Disciplined capital allocation and efficient operations have been the primary catalyst for strong results. The year has been very good for Vero Energy shareholders as prices have increased 49% since the beginning of the year to its current trading range at $6.63 per share.

By Dave Brown – Exclusive to Gas Investing News

Calgary based, growth oriented Vero Energy Inc. (TSX:VRO) reported a 26 percent increase in production of natural gas to 8,335 barrels of oil equivalent per day during the third quarter.  The $12 million cash flow from operations resulted in a 197 percent increase from the third quarter of last year.  Disciplined capital allocation and efficient operations have been the primary catalyst for strong results. The year has been very good for Vero Energy shareholders as prices have increased 49 percent since the beginning of the year to its current trading range at $6.63 per share.

Cautionary Outlook

Despite a continued low natural gas price environment, as well as extremely wet weather, Vero managed to deliver on its production targets.  The company estimates that on average approximately 600 barrels of oil equivalent per day was lost in the quarter due to weather delays. These disruptions have resulted in delays impacting the beginning of the fourth quarter. The company currently has 4 wells in various stages of completion and 3 drilling rigs operating.

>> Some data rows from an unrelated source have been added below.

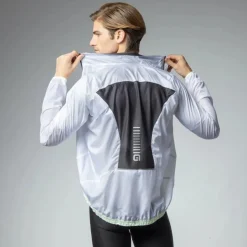 Alé Light Pack Jas Heren - white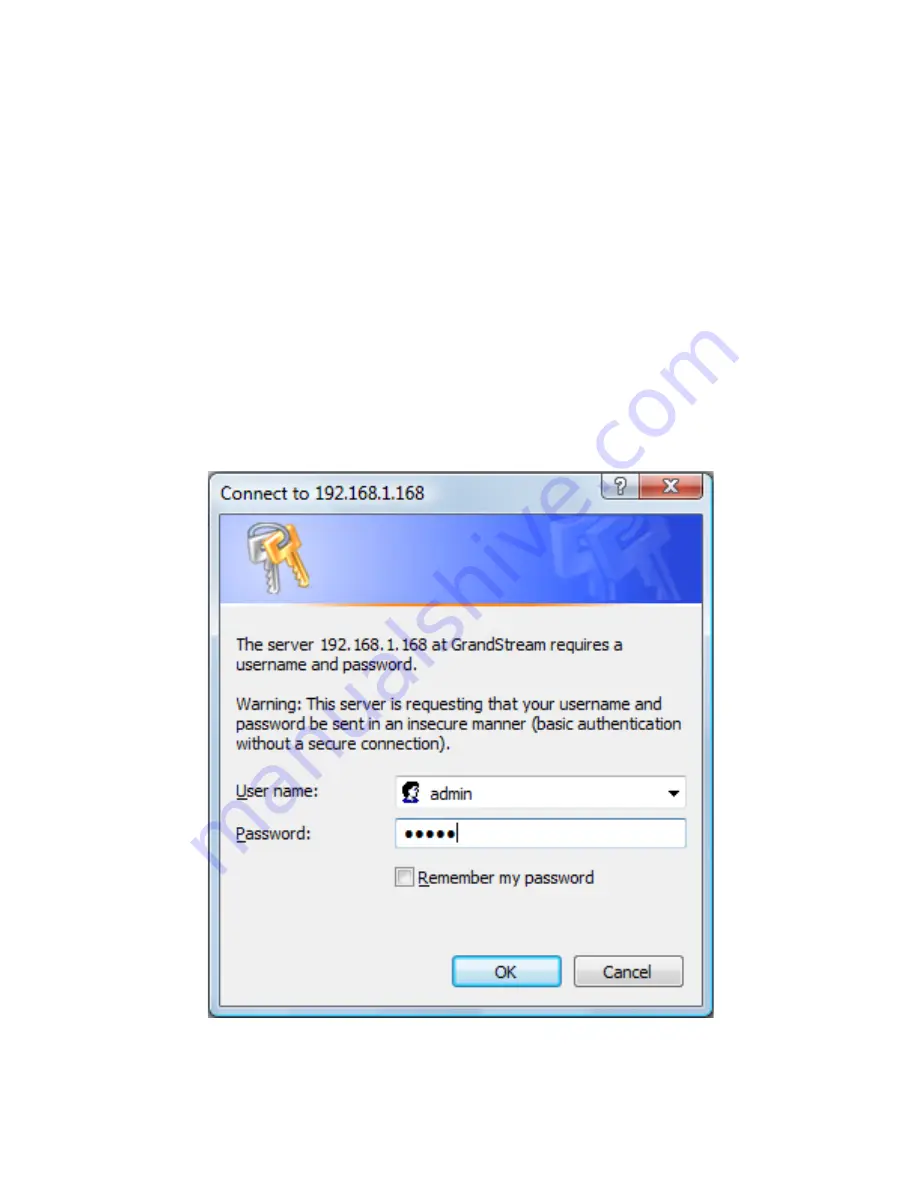 Grandstream Networks GXV3504 Quick Start Manual Download Page 6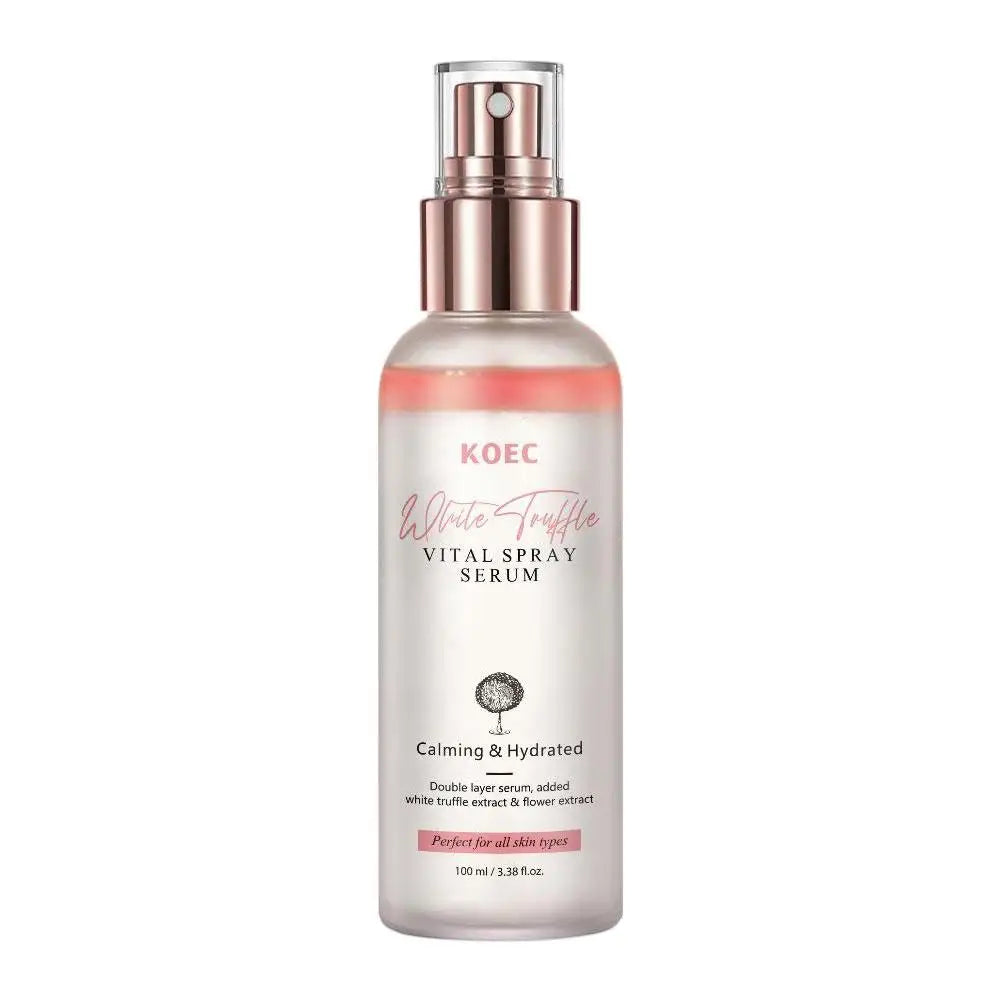 White Truffle Facial Serum Spray - Nourishing Hydrating Skin Essence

Major Integrated Producer and Marketer Reporting Lower Profits

Calgary based Husky Energy Inc. (TSX:HSE), the major integrated gas and oil producer, reported slightly lower third quarter profits, but announced an increase for its expected 2010 capital expenditures by about one third to the $4 billion range. In its financial report, Husky reported that its net profits fell to $257 million or 30 cents a share in the third quarter ended Sept. 30, down from $266 million or 31 cents last year. Chief Executive Officer, Asim Ghosh offered conservative guidance, “We will continue disciplined, step-wise development of our assets as we focus on near-term production growth while advancing our rich and diverse portfolio of mid to long-term value generating assets.”

International News

British company Melrose Resources (LON:MRS) has started commercial production of natural gas from two Black Sea fields off the cost of Bulgaria. A company statement indicated the combined field reserves total 74 billion cubic feet, while the production rate is expected at 45 million cubic feet per day. Most of the gas will be sold to the state-owned gas utility company, and the balance to a local industrial user.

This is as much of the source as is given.